The reply should hold nothing except the lines from the one with "10-Piece 11.81in Large" through the end of the entries, duplicated exactly and with no pictures.

Pictures with short captions
_ _ _

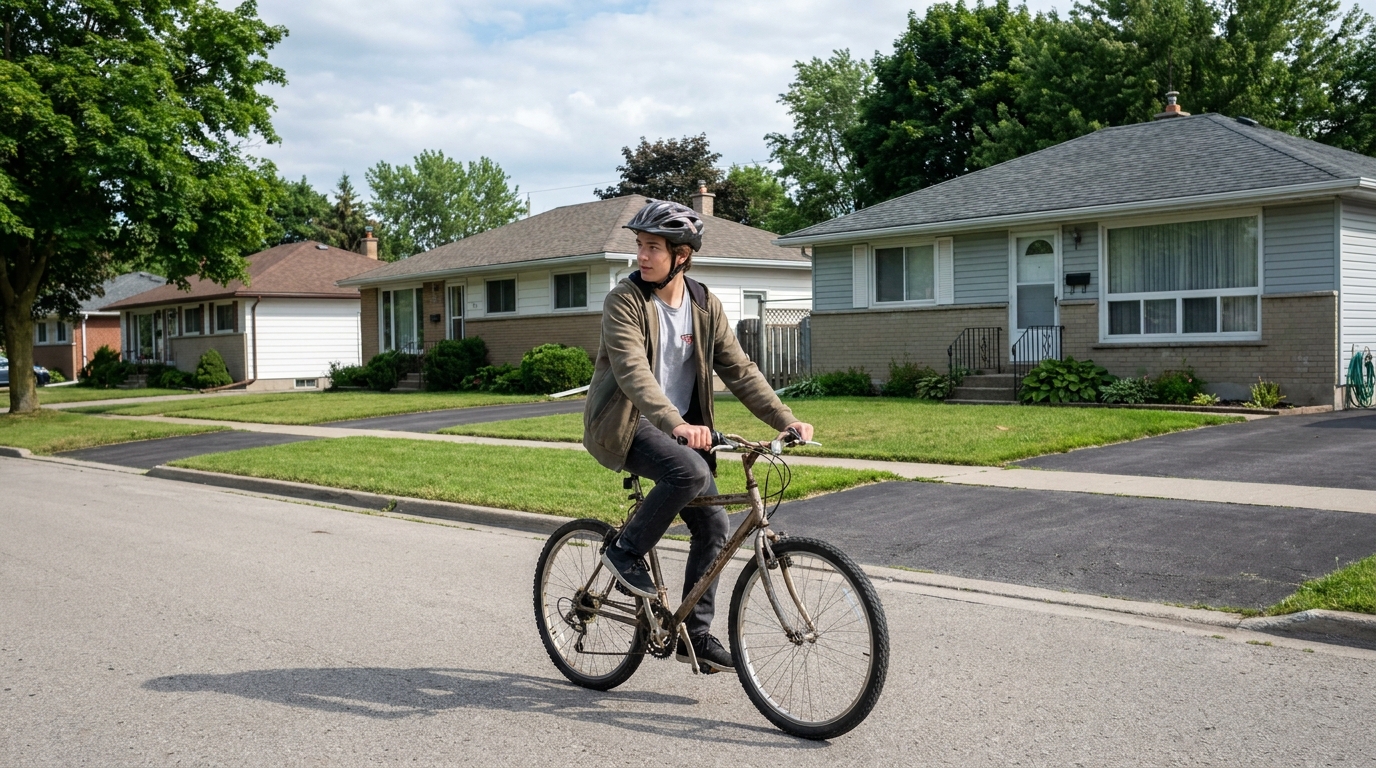 A teenage rider glancing back over one shoulder mid-ride on an empty suburban street.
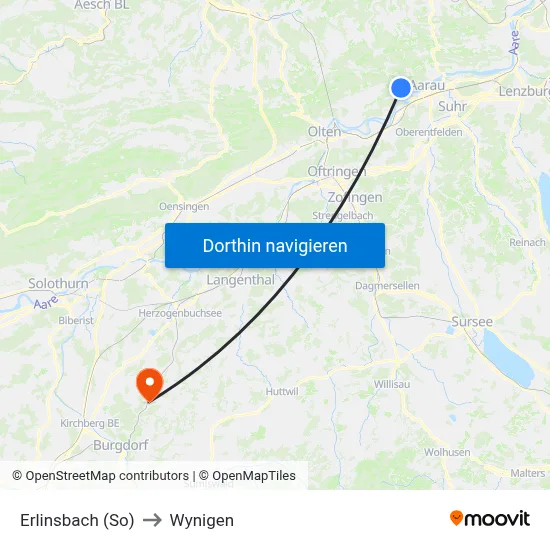 Erlinsbach (So) to Wynigen map
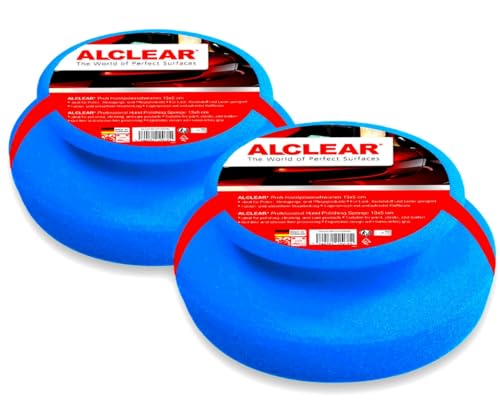 Alclear International Esponja de Pulido Manual Profesional, 2 Unidades, para el Coche, con Mango de Agarre Circular, para Ceras, Abrillantadores y Limpiadores de Pintura, 130 x 50 mm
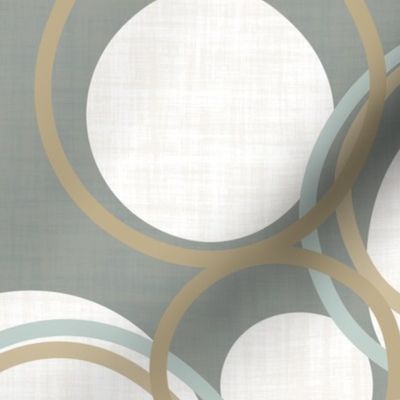 Modern Brown Gold Green and White Circles on a Medium Grey Background 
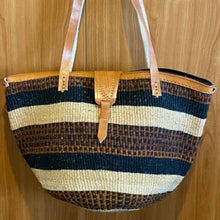 Load image into Gallery viewer, Kenyan Handwoven Kiondo style shoulder bag with leather straps
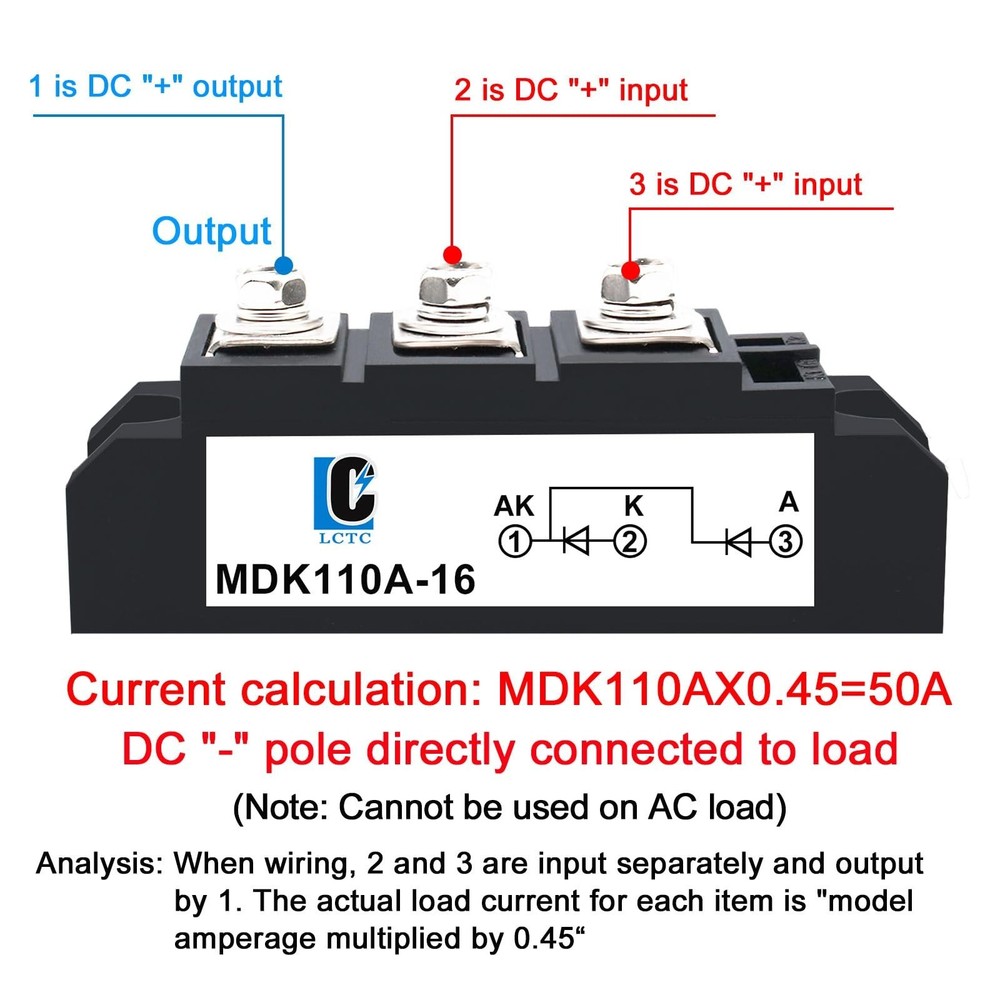 Solar Diodes blocking Diode MDK 110A (100A)-16 for DC;One Way Inline;Commonly...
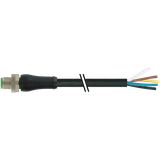 M12 Power S-coded male 0° with cable TPE 4x14AWG bk , TC-ER, IEC-PE 5m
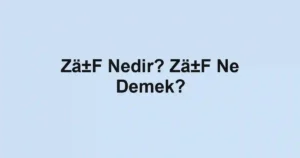 Zä±F Nedir? Zä±F Ne Demek?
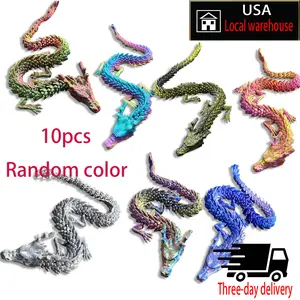 10-Piece 11.81in Large 3D Printed Movable Chinese Dragon Figurine Set, Multi-Joint Ornaments, Home Decor Statues for Fish Tank Landscape, Gifts for Him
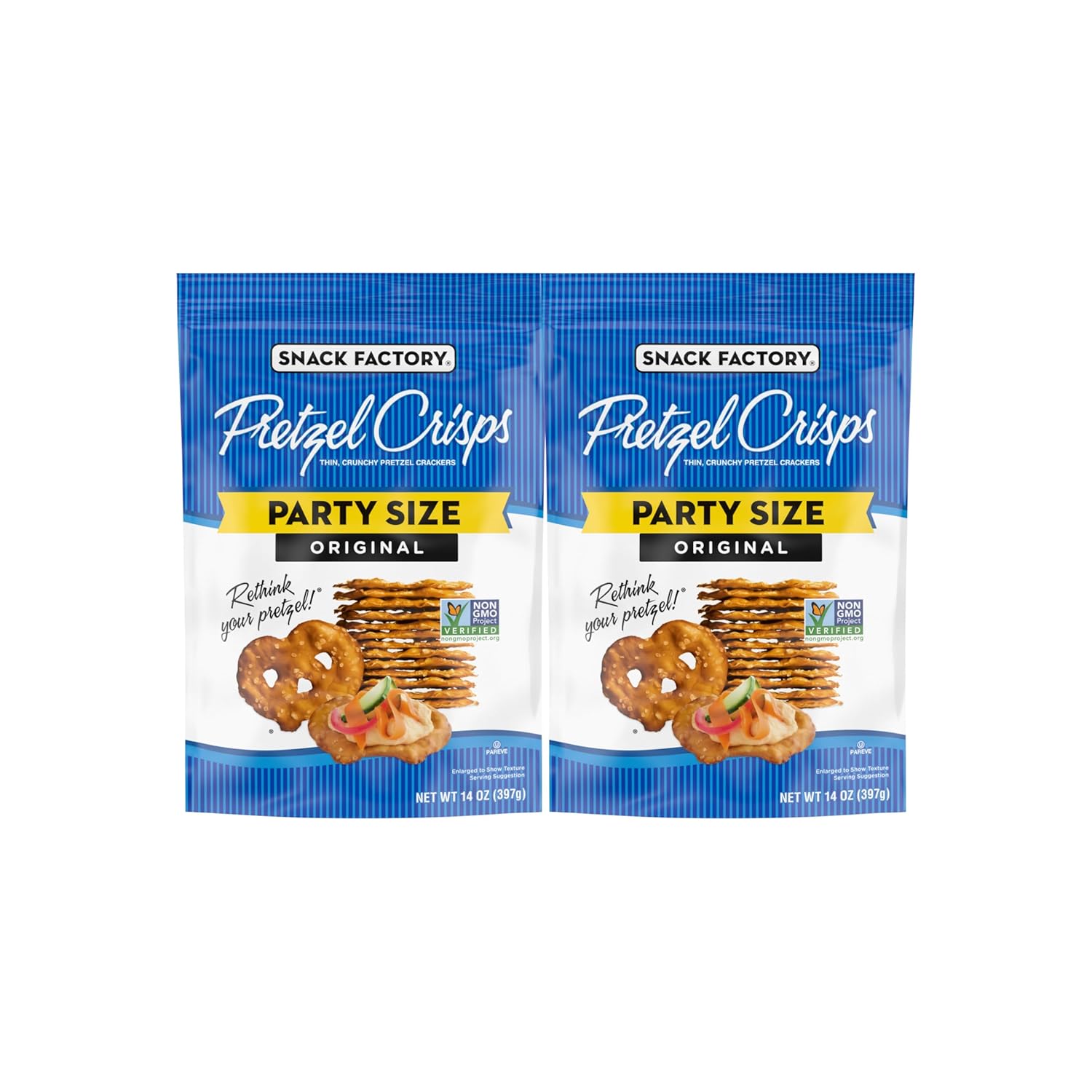 Snack Factory Original Pretzel Crisps, Non-GMO, 14 oz Party Size Bag (Pack of 2) Original 14 Ounce (Pack of 2)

_ _ _

◆ **EXERCISE SOLUTION**:
 10-Piece 11.81in Large 3D Printed Movable Chinese Dragon Figurine Set, Multi-Joint Ornaments, Home Decor Statues for Fish Tank Landscape, Gifts for Him
 Snack Factory Original Pretzel Crisps, Non-GMO, 14 oz Party Size Bag (Pack of 2) Original 14 Ounce (Pack of 2)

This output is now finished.